OTOH, I think the idea that we don't know what good is is mistaken. We do have at least an innate sense of fairness, a basic concept of good and bad, right and wrong, as do many (if not most) social mammals. It's not difficult to see how such behaviours would have a selective evolutionary advantage by providing a framework for cooperation (sharing, control of violence, etc) within social groups.
Human societies build a slew of additional moral & ethical rules, laws, and conventions on this basic framework, the everyday practice of which is absorbed and internalised by individuals as they develop, but the basic elements seem to be pretty universal.
btw: my equation was more logical than mathematical.
To me, at least, in some philosophical sense, all the Creator made is a digital 1, not 0. Even logic, or fact, to me is itself a digital positive, (a mathematical absolute value), and if God is first cause, then he 'invented' them.
That 'if' is doing all the heavy lifting here, and it has no more convincing support than the idea that
if a phantom goldfish called Eric is knitting the universe from dragon tears, then he made us all from spun reptile secretions...
Anyhow, "Morally impeccable", to me, is implied by first cause. I'm not sure how that is arbitrary. It seems to me it is only so if WE are the ones to define good.
A first cause just starts things off... But if you want to bring human psychology to it, why not an evil first cause, a careless first cause, or an aloof, experimental first cause? But why should starting the universe off have any necessary moral implications?
Otherwise, see my first response, above.
The fact is, we do have a concept of good, however ill-defined and/or subjective - and some commands and actions may strike us (no pun intended) as bad or unfair, regardless of their authority (the God of the Old Testament springs to mind). This is usually excused by the GWIMW clause (God Works In Mysterious Ways), based on the circular reasoning that however bad it appears, it must be good because it's God's work and God says its works are good...
This leads us to the odd situation where God commands us not to do certain things (thus, by definition,
bad things) but, from the same source, does those things itself (thus, by definition,
good things). A contradiction? Do as I say not as I do? One set of morals for us, another for God? or GWIMW - a mystery beyond our understanding?
To me, it makes no sense to call anything that is not first cause, 'God'
What's in a name? That which we call a first cause
By any other name would still begin it all; [apologies to Shakespeare].
You can call it Einstein if you like, but that doesn't make it a frizzy-haired physics genius.
OTOH the block universe doesn't need a first cause, so there's nothing to name.
I'm hoping you would agree that if God (i.e. first cause) is Good, all that he made is good...
Sure, and if God is evil, then all it made is evil, and if God is comic then all it made is comic, and so-on. If we don't have our own concept of the meaning of those adjectives, they're just arbitrary, meaningless. God is God, God does what God does, God commands what God commands.

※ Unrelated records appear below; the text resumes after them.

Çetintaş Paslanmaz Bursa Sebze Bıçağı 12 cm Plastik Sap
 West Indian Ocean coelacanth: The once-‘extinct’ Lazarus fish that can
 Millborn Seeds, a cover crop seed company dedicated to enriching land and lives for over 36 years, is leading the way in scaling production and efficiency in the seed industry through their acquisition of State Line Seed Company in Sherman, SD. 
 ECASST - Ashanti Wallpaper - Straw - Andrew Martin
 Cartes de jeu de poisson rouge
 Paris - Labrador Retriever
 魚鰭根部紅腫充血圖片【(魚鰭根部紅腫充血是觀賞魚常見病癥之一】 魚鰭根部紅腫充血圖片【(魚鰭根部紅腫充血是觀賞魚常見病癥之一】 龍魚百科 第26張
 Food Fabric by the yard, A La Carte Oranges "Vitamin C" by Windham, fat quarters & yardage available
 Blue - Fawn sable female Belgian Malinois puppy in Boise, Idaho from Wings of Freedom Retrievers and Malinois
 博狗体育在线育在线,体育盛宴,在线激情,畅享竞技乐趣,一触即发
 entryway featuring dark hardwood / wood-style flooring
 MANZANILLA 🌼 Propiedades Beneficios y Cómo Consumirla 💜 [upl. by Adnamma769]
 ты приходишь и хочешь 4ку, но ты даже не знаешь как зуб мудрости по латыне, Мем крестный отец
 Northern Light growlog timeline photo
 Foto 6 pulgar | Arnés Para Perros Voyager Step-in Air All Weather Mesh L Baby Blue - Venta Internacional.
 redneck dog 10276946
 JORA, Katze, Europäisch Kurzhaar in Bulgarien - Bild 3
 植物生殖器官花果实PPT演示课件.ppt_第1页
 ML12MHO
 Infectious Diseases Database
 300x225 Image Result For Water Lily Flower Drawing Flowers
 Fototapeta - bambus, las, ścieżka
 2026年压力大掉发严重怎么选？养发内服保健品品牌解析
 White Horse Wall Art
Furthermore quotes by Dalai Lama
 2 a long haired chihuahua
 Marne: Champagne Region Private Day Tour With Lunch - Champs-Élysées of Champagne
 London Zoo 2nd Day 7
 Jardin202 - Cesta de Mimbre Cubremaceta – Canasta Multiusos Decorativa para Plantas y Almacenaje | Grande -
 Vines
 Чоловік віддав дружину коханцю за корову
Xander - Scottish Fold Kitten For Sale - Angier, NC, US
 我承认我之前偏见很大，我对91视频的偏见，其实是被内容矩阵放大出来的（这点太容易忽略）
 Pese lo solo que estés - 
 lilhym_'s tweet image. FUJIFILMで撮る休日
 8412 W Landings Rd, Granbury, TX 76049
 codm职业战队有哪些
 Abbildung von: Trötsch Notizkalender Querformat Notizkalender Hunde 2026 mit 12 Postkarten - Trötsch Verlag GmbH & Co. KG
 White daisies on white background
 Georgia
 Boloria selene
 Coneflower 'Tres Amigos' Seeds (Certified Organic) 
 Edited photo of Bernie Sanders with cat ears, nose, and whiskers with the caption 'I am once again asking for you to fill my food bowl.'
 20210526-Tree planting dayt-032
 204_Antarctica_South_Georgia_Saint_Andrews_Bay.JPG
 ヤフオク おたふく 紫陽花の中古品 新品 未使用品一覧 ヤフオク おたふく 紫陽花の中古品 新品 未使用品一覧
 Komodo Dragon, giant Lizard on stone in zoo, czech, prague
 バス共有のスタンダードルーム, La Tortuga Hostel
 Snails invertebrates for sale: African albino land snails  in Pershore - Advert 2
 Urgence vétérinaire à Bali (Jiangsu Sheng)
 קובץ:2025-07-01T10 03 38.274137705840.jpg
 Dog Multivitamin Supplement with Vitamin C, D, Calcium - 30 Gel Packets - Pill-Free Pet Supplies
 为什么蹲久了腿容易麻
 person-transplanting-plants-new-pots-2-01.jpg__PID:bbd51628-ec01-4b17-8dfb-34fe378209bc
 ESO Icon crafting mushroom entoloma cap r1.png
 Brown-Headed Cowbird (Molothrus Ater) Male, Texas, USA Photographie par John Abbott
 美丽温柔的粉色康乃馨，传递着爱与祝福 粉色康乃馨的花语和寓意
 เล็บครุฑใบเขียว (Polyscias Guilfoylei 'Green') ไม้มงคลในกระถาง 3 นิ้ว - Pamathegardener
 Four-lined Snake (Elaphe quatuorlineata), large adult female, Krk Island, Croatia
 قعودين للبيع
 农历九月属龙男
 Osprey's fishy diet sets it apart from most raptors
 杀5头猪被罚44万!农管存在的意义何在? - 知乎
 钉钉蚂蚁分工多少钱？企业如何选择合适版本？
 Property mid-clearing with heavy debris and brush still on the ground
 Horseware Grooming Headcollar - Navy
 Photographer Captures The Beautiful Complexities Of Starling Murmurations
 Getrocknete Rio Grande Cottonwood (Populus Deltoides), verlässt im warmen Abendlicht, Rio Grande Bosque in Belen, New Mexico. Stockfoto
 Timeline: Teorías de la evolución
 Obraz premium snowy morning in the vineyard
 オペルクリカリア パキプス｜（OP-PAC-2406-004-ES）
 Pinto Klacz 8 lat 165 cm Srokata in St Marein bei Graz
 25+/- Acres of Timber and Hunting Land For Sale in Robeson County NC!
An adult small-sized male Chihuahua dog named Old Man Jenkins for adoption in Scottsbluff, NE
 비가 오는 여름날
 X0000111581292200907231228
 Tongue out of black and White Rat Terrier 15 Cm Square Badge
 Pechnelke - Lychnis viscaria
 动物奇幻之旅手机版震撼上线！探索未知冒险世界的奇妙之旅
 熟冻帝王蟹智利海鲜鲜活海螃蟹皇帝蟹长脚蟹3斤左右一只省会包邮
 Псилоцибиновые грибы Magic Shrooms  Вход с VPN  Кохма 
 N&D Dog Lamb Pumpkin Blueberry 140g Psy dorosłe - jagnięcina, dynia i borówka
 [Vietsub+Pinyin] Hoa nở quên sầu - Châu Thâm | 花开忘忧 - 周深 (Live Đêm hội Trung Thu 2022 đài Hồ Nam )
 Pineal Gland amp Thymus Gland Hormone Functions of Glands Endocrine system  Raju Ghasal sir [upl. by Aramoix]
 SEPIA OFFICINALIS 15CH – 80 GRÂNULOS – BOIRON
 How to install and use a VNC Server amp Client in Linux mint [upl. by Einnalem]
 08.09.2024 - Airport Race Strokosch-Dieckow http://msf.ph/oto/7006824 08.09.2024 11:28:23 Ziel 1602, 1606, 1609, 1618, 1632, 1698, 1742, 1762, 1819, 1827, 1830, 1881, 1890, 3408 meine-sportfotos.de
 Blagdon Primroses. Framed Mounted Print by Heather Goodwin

But if we run with your suggestion that God is good, and all it created is therefore good, then we immediately run into the problem of evil - all the myriad forms of suffering must be good (or all the suffering from natural causes, if you wish to play the 'free will' card). How can the idea that all God created is good explain all the horrific suffering that is not of human making?
Oh, wait... is it GWIMW again?
“Is God willing to prevent evil, but not able? Then he is not omnipotent.
Is he able, but not willing? Then he is malevolent.
Is he both able and willing? Then whence cometh evil?
Is he neither able nor willing? Then why call him God?”